(Data):
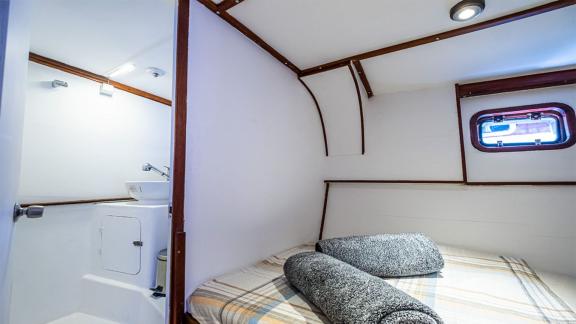 Cozy guest cabin of the 22 meter Gulet Castiel with ensuite bathroom and comfortable double bed.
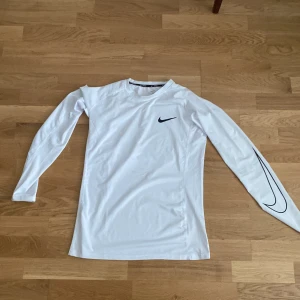 Vit långärmad Nike Pro träningströja - Nike Pro långärmad träningströja i vitt med svart swoosh-logga på bröstet och ärmen. Tight passform och tillverkad i ett lätt, ventilerande syntetmaterial som andas. Perfekt för intensiva träningspass eller sportaktiviteter. aldrig använt, storlek L fast skulle kunna passa M.
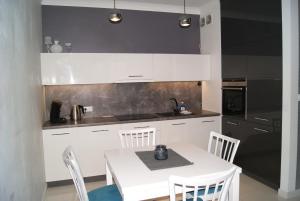 eine Küche mit einem weißen Tisch und weißen Schränken in der Unterkunft Apartament pod zamkiem in Olsztyn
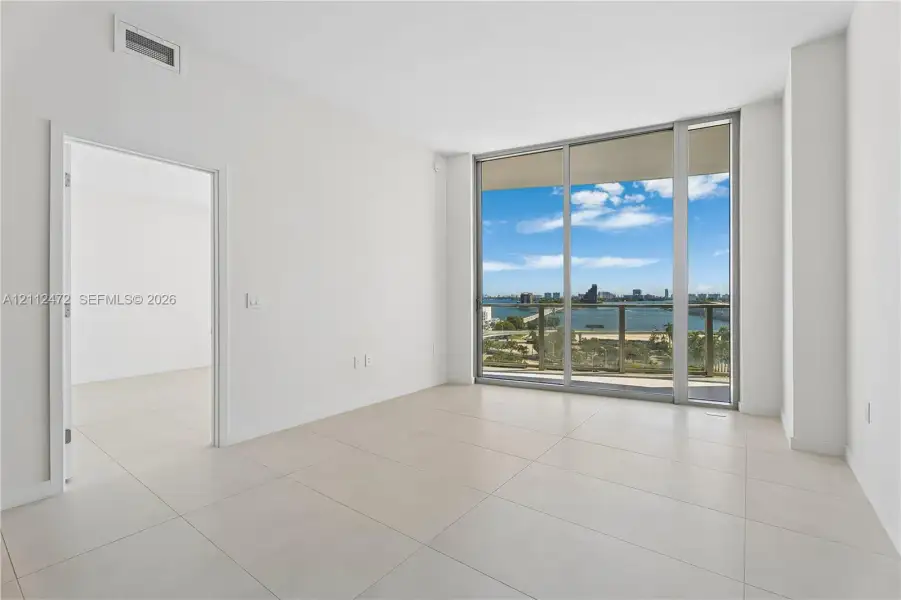 Floor-to-ceiling glass sliding doors, expansive tile flooring, balcony with metal railing, and panoramic water and urban skyline backdrop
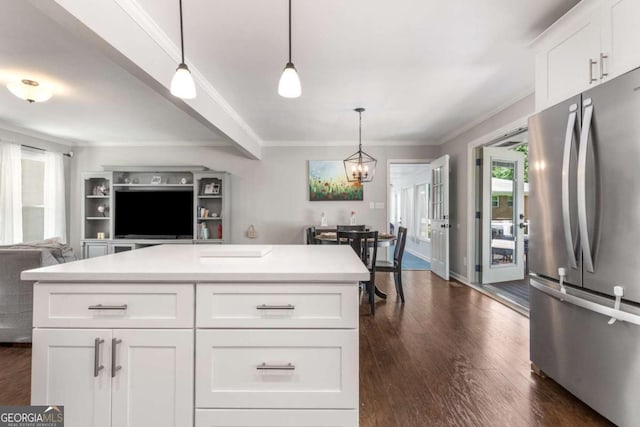 3890 Cherrydale Ln SE, Smyrna, GA 30082 - kitchen with freestanding refrigerator, dark wood-style flooring, crown molding, open floor plan, and light countertops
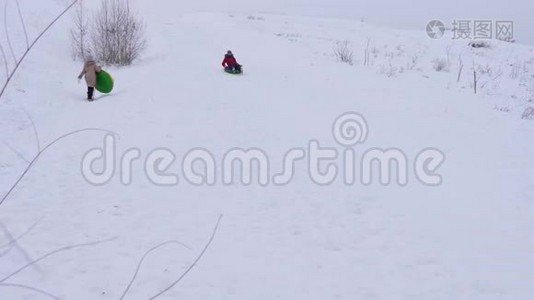 快乐的女孩从大雪中滑出一个充气的雪管。 孩子们在圣诞节假期在公园里玩冬天的游戏视频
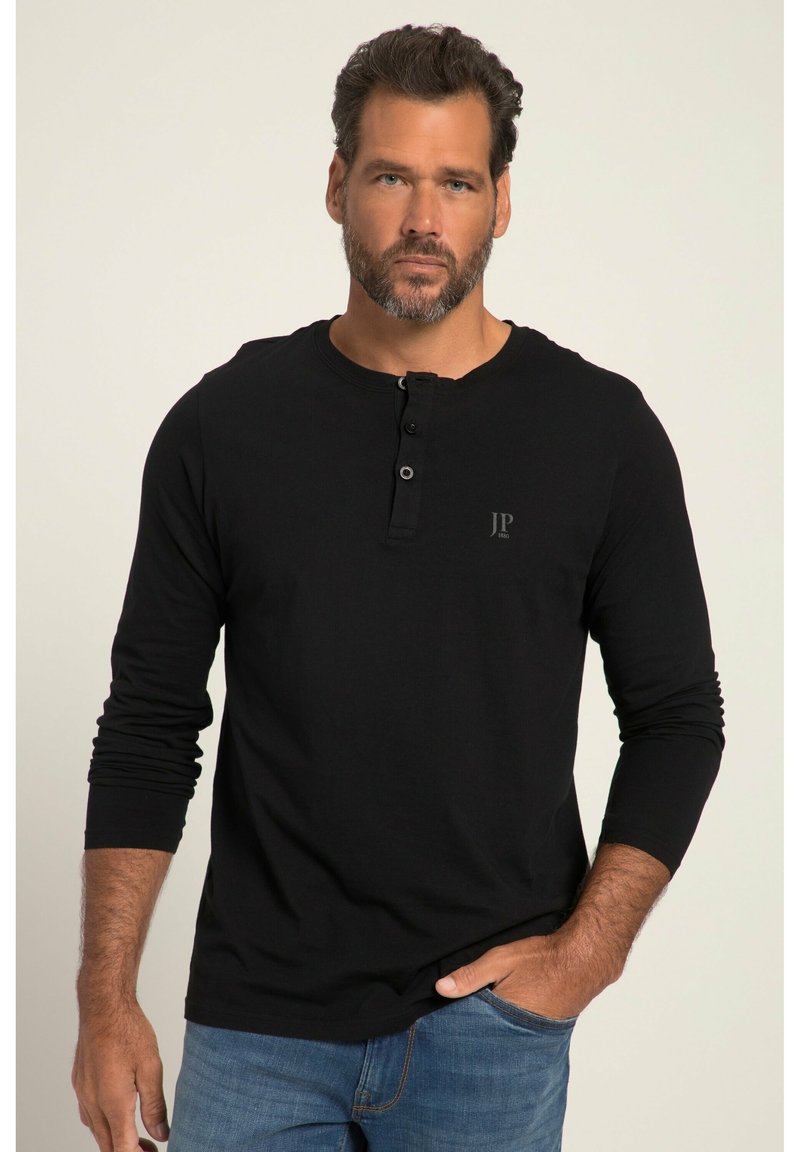 Schwarzes Langarmshirt aus Baumwolle mit einem Henley-Ausschnitt und drei Knöpfen, sowie einem kleinen Logo auf der Brust. Kombiniert mit blauen Jeans.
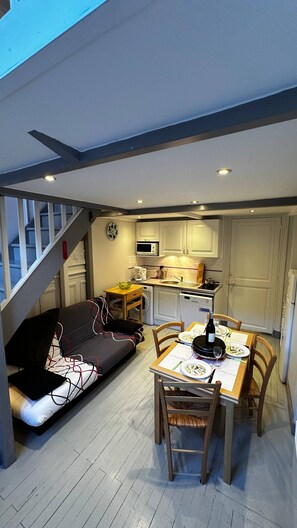 A compact living space with a dining area, kitchenette, and a sofa bed. - Charming Mont-dore Duplex Stay (Mont-Dore)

(The task):
Restate each entry verbatim and skip every image.

(Exercise result):
 Cozy guest cabin of the 22 meter Gulet Castiel with ensuite bathroom and comfortable double bed.
 Vit långärmad Nike Pro träningströja - Nike Pro långärmad träningströja i vitt med svart swoosh-logga på bröstet och ärmen. Tight passform och tillverkad i ett lätt, ventilerande syntetmaterial som andas. Perfekt för intensiva träningspass eller sportaktiviteter. aldrig använt, storlek L fast skulle kunna passa M.
 eine Küche mit einem weißen Tisch und weißen Schränken in der Unterkunft Apartament pod zamkiem in Olsztyn
 Floor-to-ceiling glass sliding doors, expansive tile flooring, balcony with metal railing, and panoramic water and urban skyline backdrop
 3890 Cherrydale Ln SE, Smyrna, GA 30082 - kitchen with freestanding refrigerator, dark wood-style flooring, crown molding, open floor plan, and light countertops
 快乐的女孩从大雪中滑出一个充气的雪管。 孩子们在圣诞节假期在公园里玩冬天的游戏视频
 Schwarzes Langarmshirt aus Baumwolle mit einem Henley-Ausschnitt und drei Knöpfen, sowie einem kleinen Logo auf der Brust. Kombiniert mit blauen Jeans.
 A compact living space with a dining area, kitchenette, and a sofa bed. - Charming Mont-dore Duplex Stay (Mont-Dore)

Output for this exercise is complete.